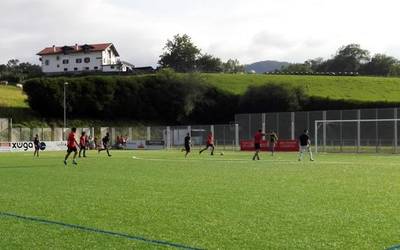 Zelaieta futbol txapelketa solidarioa eginen dute Beran larunbatean Guztiok elkartearen alde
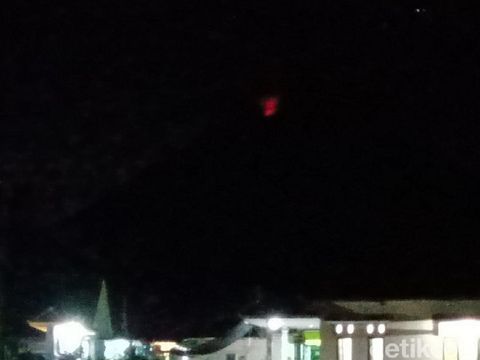 Pagi tadi, warga Curah Kobokan, Kecamatan Pronojiwo, Lumajang sempat panik dengan suara gemuruh. Awalnya mereka menduga, gemuruh itu merupakan erupsi Gunung Semeru.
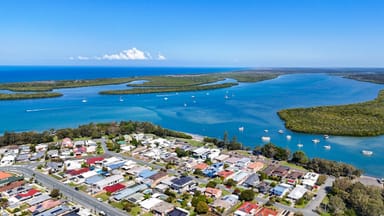 Property 18 Booker Parade, GOLDEN BEACH QLD 4551 IMAGE 0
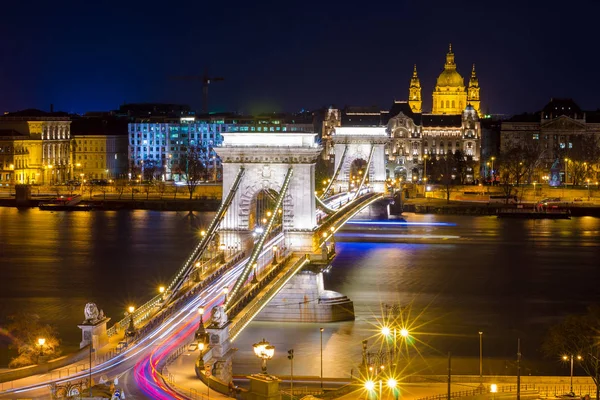 Szép este Budapesten, a Lánchíd, a Duna-szerte. — Stock Fotó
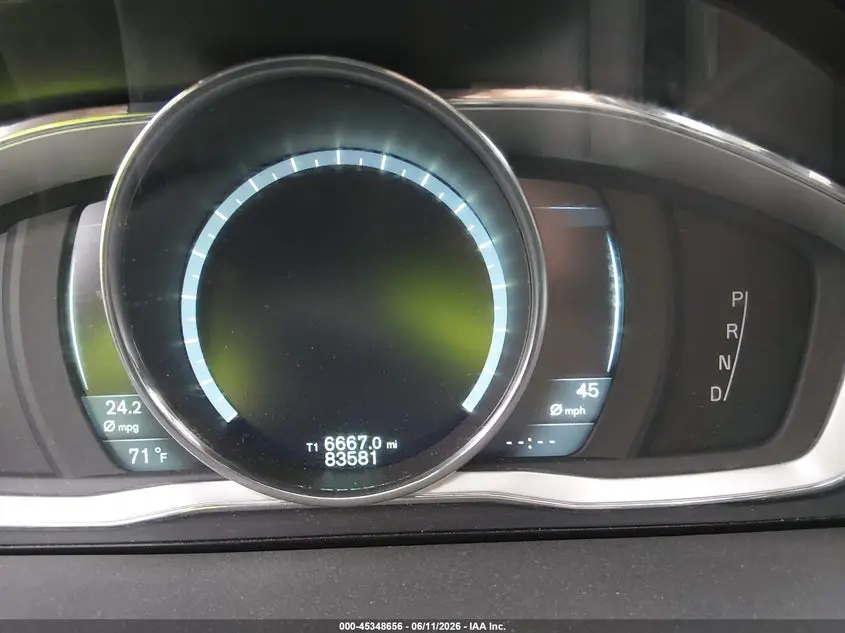 2015 VOLVO XC70 3.2 PREMIER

============================================================

> _Task statement_:
Your reply should consist of the data, transcribed exactly, and should hold no pictures.

> _Task result_:
 Zelaieta futbol txapelketa solidarioa eginen dute Beran larunbatean Guztiok elkartearen alde
 Pagi tadi, warga Curah Kobokan, Kecamatan Pronojiwo, Lumajang sempat panik dengan suara gemuruh. Awalnya mereka menduga, gemuruh itu merupakan erupsi Gunung Semeru.
 Property 18 Booker Parade, GOLDEN BEACH QLD 4551 IMAGE 0
 Szép este Budapesten, a Lánchíd, a Duna-szerte. — Stock Fotó
 2015 VOLVO XC70 3.2 PREMIER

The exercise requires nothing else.